Field Type Description
slug String URL slug (e.g. easy-chocolate-cake)
url String Full recipe page URL
name String Recipe title
author String Recipe author name
description String Short editorial description
recipe_category String Category (e.g. Cake, Dinner, Drink)
recipe_cuisine String Cuisine type (e.g. British, Italian)
recipe_yield String Serving yield (e.g. "Serves 8")
prep_time String Prep time as ISO 8601 duration (e.g. PT20M)
cook_time String Cook time as ISO 8601 duration
total_time String Total time as ISO 8601 duration
skill_level String BBC skill rating: Easy / More effort / A challenge
recipe_ingredient Array List of ingredient strings
recipe_instructions Array List of step-by-step instruction strings
nutrition String JSON-encoded per-serving nutrition data (kcal, fat, saturates, carbs, sugars, fibre, protein, salt)
aggregate_rating Number Average star rating (1–5 scale)
rating_count Integer Number of ratings
keywords Array Editorial keyword tags
dietary_tags Array Dietary suitability tags (vegetarian, vegan, gluten-free, healthy, etc.)
image_urls Array Recipe image URLs
date_published String Publication date (ISO 8601)

Example output record

{
  "slug": "easy-chocolate-cake",
  "url": "https://www.bbcgoodfood.com/recipes/easy-chocolate-cake",
  "name": "Easy chocolate cake",
  "author": "Miriam Nice",
  "description": "Master the chocolate cake with an airy, light sponge and rich buttercream filling...",
  "recipe_category": "Cake",
  "recipe_cuisine": "",
  "recipe_yield": "Serves 8-10",
  "prep_time": "PT30M",
  "cook_time": "PT25M",
  "total_time": "PT55M",
  "skill_level": "Easy",
  "recipe_ingredient": [
    "225g unsalted butter, softened",
    "225g golden caster sugar",
    "4 large eggs"
  ],
  "recipe_instructions": [
    "Heat oven to 190C/170C fan/gas 5. Butter two 20cm sandwich tins...",
    "Beat 225g softened unsalted butter and 225g golden caster sugar until fluffy..."
  ],
  "nutrition": "{\"calories\":\"546 calories\",\"fatContent\":\"31 grams fat\",\"saturatedFatContent\":\"19 grams saturated fat\",\"carbohydrateContent\":\"63 grams carbohydrates\",\"sugarContent\":\"51 grams sugar\",\"fiberContent\":\"1 grams fiber\",\"proteinContent\":\"5 grams protein\",\"sodiumContent\":\"0.5 milligram of sodium\"}",
  "aggregate_rating": 4.7,
  "rating_count": 2314,
  "keywords": ["Afternoon tea", "Celebration cake", "Chocolate cake"],
  "dietary_tags": [],
  "image_urls": ["https://images.immediate.co.uk/production/volatile/sites/30/2020/08/easy_chocolate_cake-b62f92c.jpg?resize=440,230"],
  "date_published": "2020-08-21T00:00:00+00:00"
}

Notes

  • Crawl-delay: BBC Good Food's robots.txt specifies a 12-second crawl delay.
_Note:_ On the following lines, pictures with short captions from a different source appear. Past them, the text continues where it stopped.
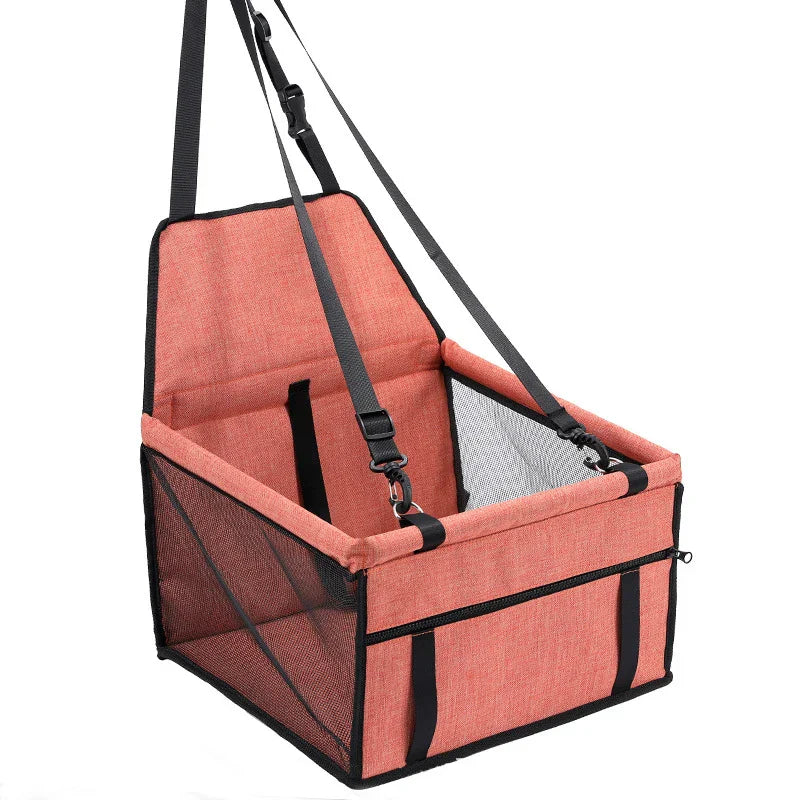 Pet Car Seat – Foldable, Scratch-Proof Dog Booster with Safety Belt for Puppies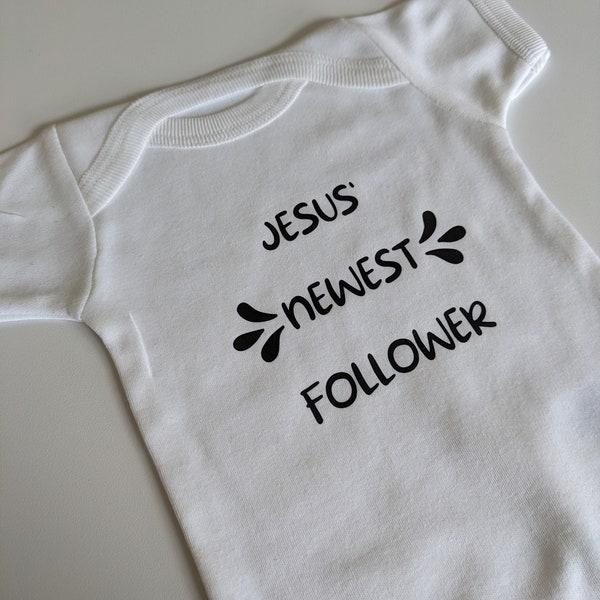 Jesus' Newest Follower Christian Baby Vest - Religious Baby grow - Bible Verse bodysuit -  Baby Shower gift - JNF01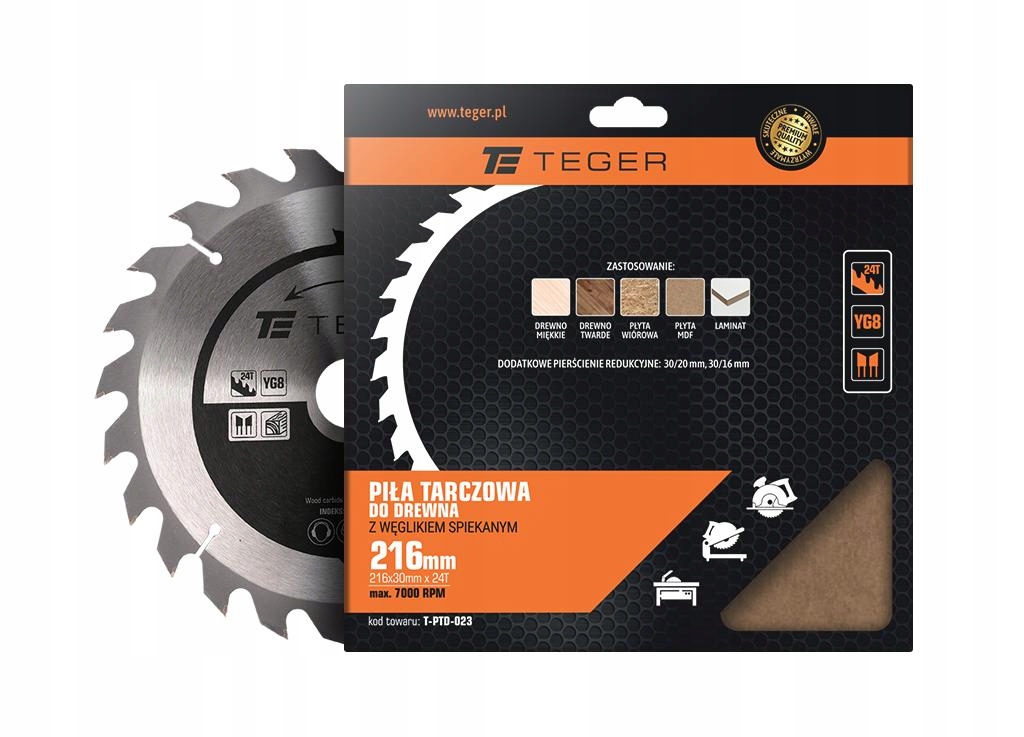 Piła tarczowa do drewna z węglikiem spiekanym 216x Marka Teger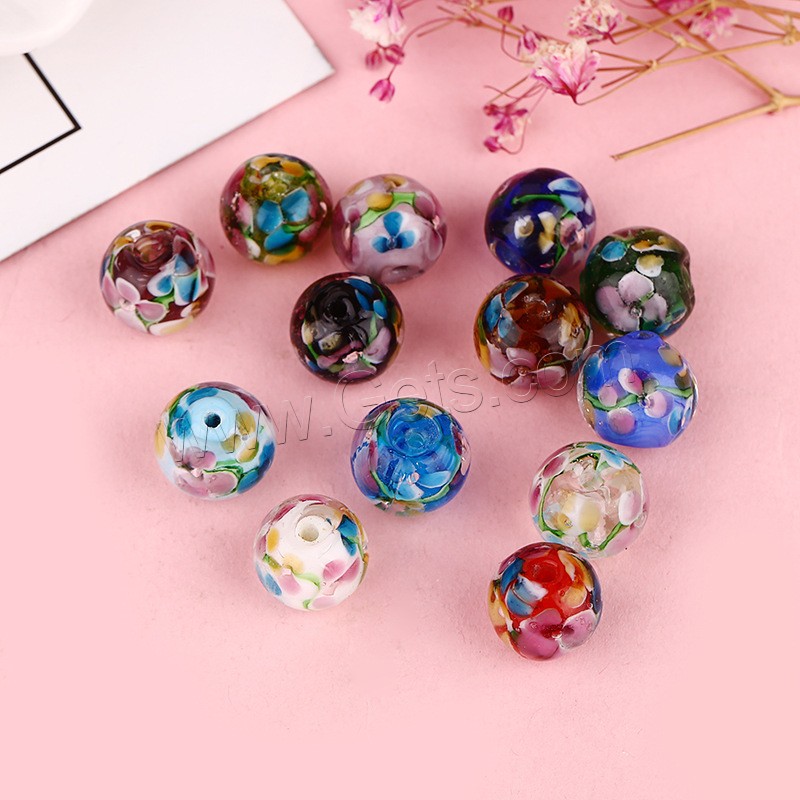 Inner Flower Lampwork Beads, Round, different size for choice, more colors for choice, 50PCs/Bag, Sold By Bag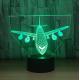 Airplane Shape 7 Colors Change 3D LED Night Light with Remote Control Ideal For Birthday Gifts And Party Decoration
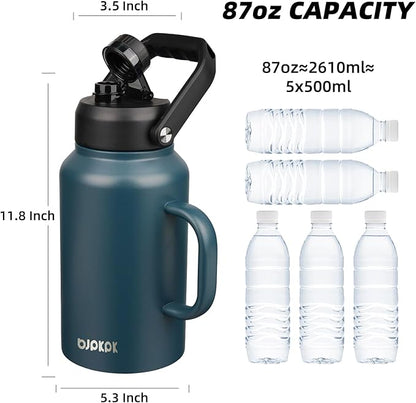 BJPKPK 87oz Insulated Water Bottle with Handle, Large Dishwasher Safe 2/3 Gallon Water Bottle, BPA Free Water Jug, Wide Mouth Metal Flasks with Anti-slip Bottom, Keep Cold & Hot,Navy Blue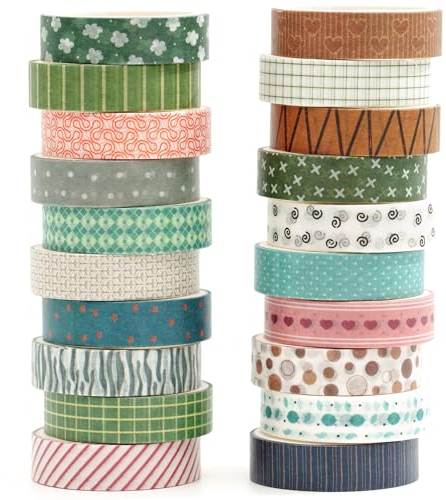 KAVI' S 20 Rollen Washi Tape Set Kreative Basic Dünn Dekorative Bänder für Kunst, DIY Handwerk, Bullet Journals, Planer, Scrapbooking, Verpackung (Collection 3-Elegance)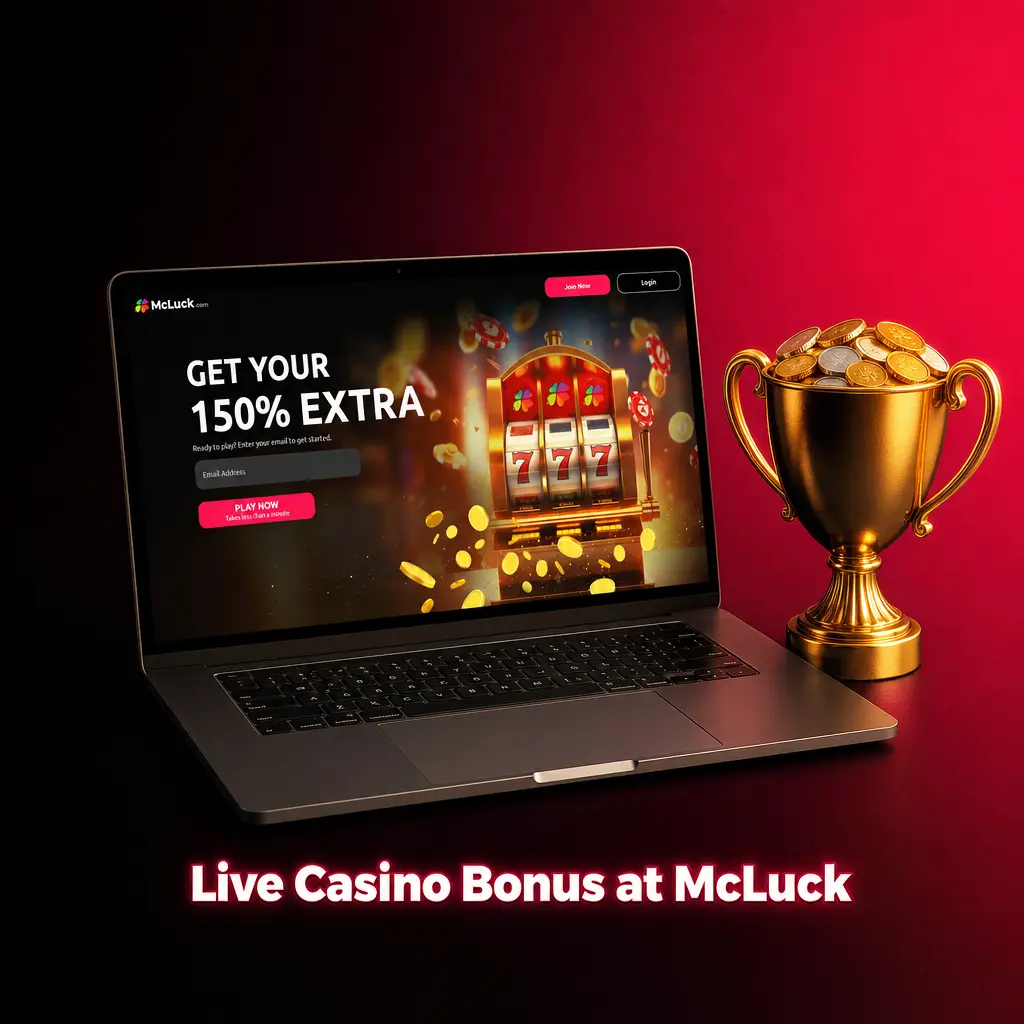 McLuck live casino bonus: GC 7,500 + 2.5 FREE SC on signup, plus GC 120,000 + 60 FREE SC on first purchase.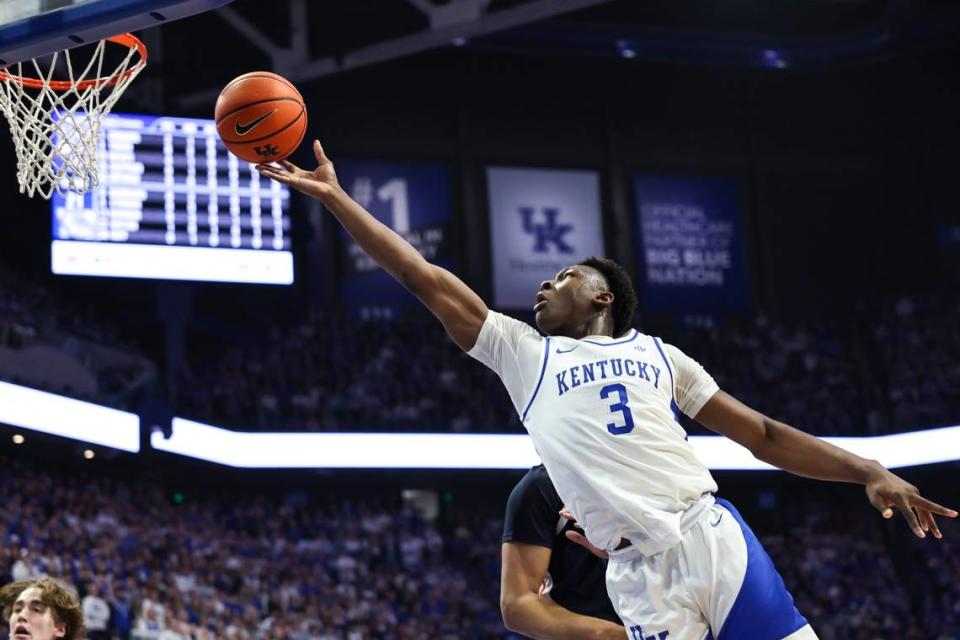 Adou Thiero (3) is one of several Kentucky players set to enjoy a homecoming with Thursday’s NCAA Tournament first-round game in Pittsburgh.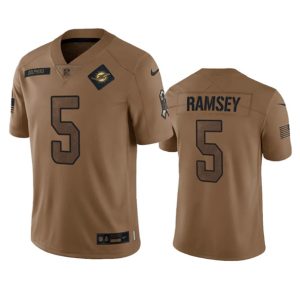 Men Miami Dolphins #5 Jalen Ramsey 2023 Brown Salute To Service Limited Football Stitched Jersey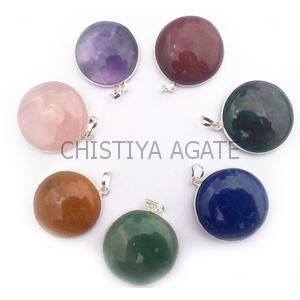 Round Agate Pendent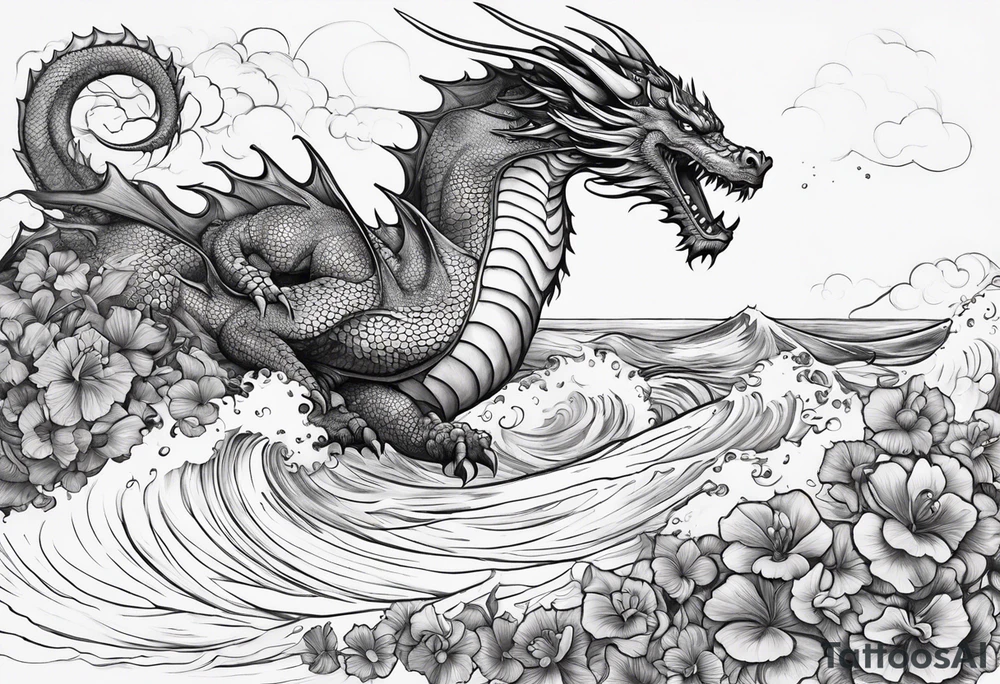 create me a tattoo with a dragon on a wave and a feild of violets and a man and a child walking together tattoo idea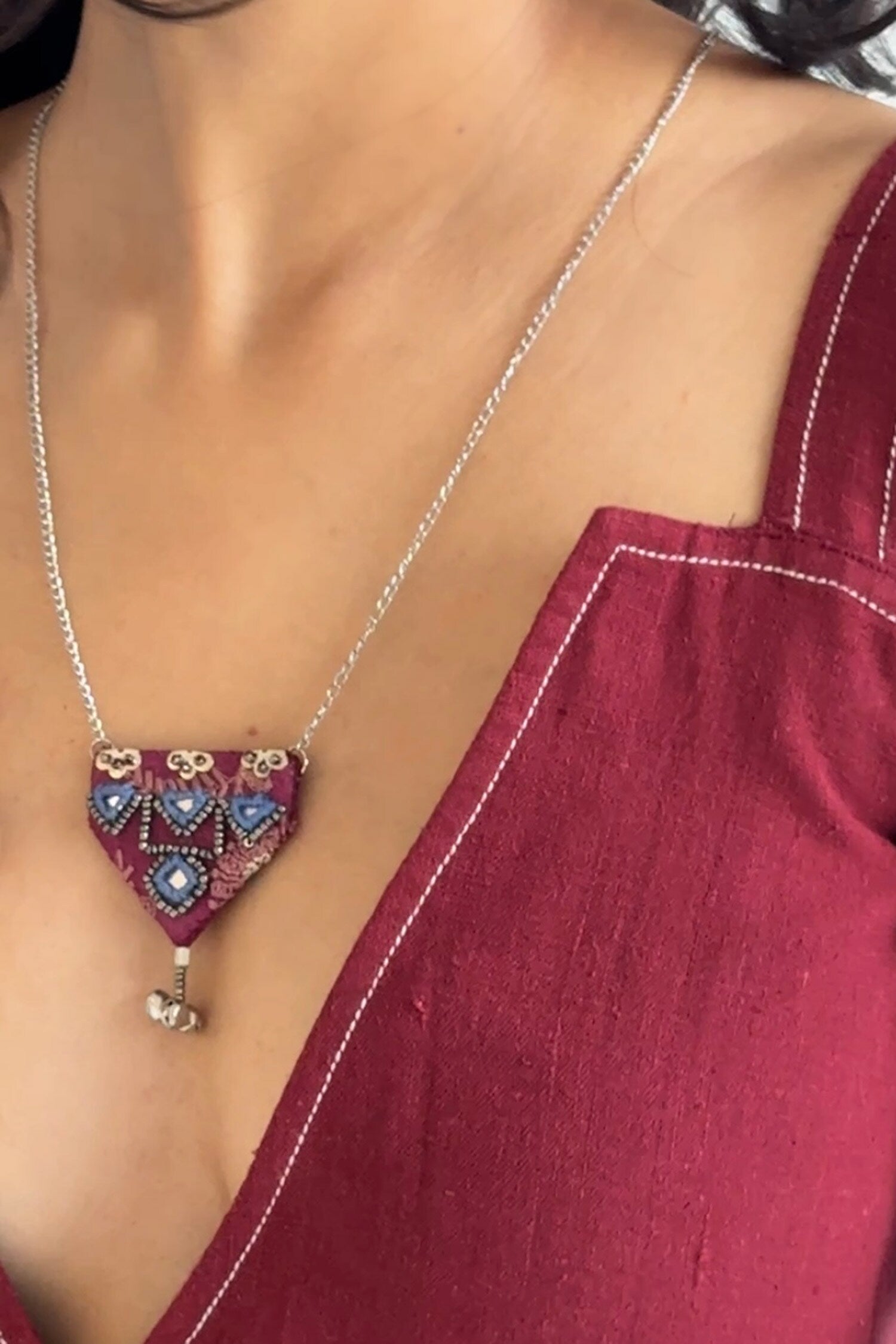Tareefan Hand Embroidered Pendant Necklace 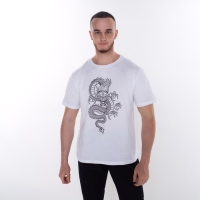 Футболка мужская «Дракон», цвет белый/принт чёрный, размер 48 Футболка мужская «Дракон», цвет белый/принт чёрный, размер 48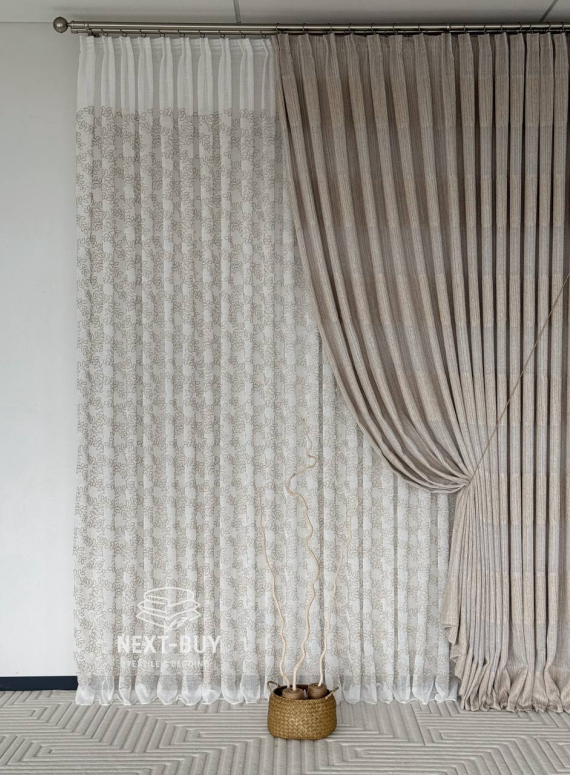 Фактурна тюль-штора Milano Harmony Coffee & Beige Італія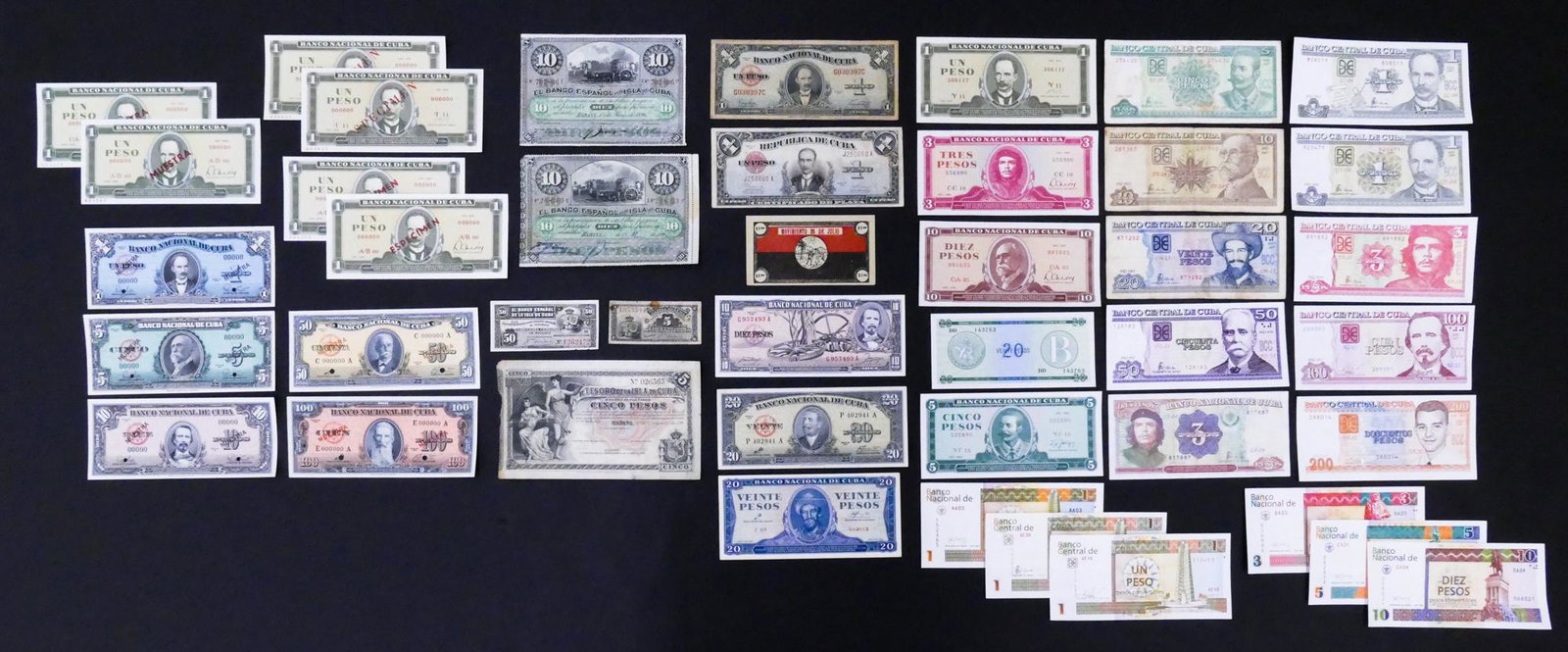 Cuba. 43pc 1891-2013 with Specimens: Cuba. 43pc 1891-2013. Includes 11pc Specimens (5pc 1960) and (6pc 1 Peso 1968-85), 26th of July Movement $1 ND (1956), 2pc Banco Espanol De La Isla De Cuba 10 Pesos 1896 Pick 49 a & d, El Tesoro Isla 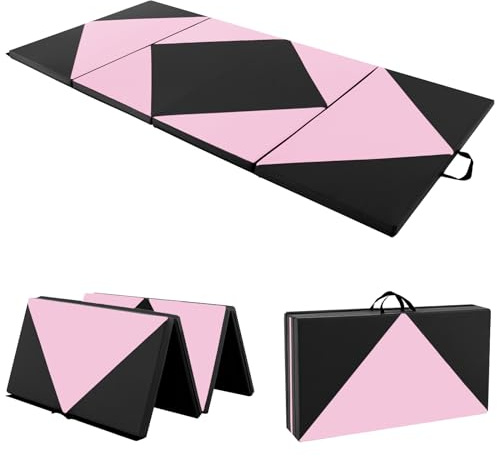 COSTWAY Weichbodenmatte klappbar,240 x 120/300 x 120cm Gymnastikmatte tragbar, Yogamatte Turnmatte Klappmatte Fitnessmatte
The actor respects this via low concurrency. Full-corpus runs (~15K recipes) will take several hours.
  • New recipes: The sitemap is indexed quarterly (e.g. 2026-Q2-recipe.xml). Run periodically to capture newly published recipes.
  • Ratings on new recipes: Freshly published recipes may have no aggregate rating yet — aggregate_rating and rating_count will be null.
  • Nutrition format: The nutrition field is a JSON string. Parse it with JSON.parse(record.nutrition) to access individual nutrients.